# [Assigned task]
Below are some records. Print exactly the lines between the one holding "Larroudé x Libertine" and the one holding "Stainless steel diesel", inclusive, and nothing else.

##### Records supplied

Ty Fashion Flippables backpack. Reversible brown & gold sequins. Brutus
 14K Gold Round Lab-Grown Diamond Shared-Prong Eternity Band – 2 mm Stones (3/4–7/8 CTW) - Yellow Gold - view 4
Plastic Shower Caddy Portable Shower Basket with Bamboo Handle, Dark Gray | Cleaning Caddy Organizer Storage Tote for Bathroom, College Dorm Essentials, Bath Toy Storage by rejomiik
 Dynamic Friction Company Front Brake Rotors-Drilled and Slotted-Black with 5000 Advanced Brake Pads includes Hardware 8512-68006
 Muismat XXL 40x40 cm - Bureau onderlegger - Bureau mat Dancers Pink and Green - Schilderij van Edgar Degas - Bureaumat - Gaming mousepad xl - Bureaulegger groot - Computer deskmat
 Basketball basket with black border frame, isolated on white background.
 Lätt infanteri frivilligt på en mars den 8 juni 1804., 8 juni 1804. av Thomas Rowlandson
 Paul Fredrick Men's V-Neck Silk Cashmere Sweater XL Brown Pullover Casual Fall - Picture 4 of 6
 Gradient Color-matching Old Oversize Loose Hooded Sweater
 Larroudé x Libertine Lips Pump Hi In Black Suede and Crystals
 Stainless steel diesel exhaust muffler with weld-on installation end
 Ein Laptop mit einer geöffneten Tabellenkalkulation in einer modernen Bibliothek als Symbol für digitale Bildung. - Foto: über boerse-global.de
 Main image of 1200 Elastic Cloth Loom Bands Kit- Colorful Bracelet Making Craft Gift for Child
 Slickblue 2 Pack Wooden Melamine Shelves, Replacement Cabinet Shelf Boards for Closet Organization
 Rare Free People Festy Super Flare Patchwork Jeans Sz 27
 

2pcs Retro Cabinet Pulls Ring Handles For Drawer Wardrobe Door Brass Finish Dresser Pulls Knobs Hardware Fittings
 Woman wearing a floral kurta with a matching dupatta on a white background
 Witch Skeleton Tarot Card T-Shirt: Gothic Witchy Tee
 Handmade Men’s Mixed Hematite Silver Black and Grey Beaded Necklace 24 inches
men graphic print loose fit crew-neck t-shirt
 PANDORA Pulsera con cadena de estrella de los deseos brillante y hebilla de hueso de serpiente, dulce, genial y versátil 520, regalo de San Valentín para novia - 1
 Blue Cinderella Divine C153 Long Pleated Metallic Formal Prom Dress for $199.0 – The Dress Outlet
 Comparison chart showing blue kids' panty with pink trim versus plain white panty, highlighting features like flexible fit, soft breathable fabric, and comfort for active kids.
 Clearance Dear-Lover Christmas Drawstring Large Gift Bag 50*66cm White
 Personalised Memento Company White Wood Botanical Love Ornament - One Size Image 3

##########

# [Task solution]
 Larroudé x Libertine Lips Pump Hi In Black Suede and Crystals
 Stainless steel diesel exhaust muffler with weld-on installation end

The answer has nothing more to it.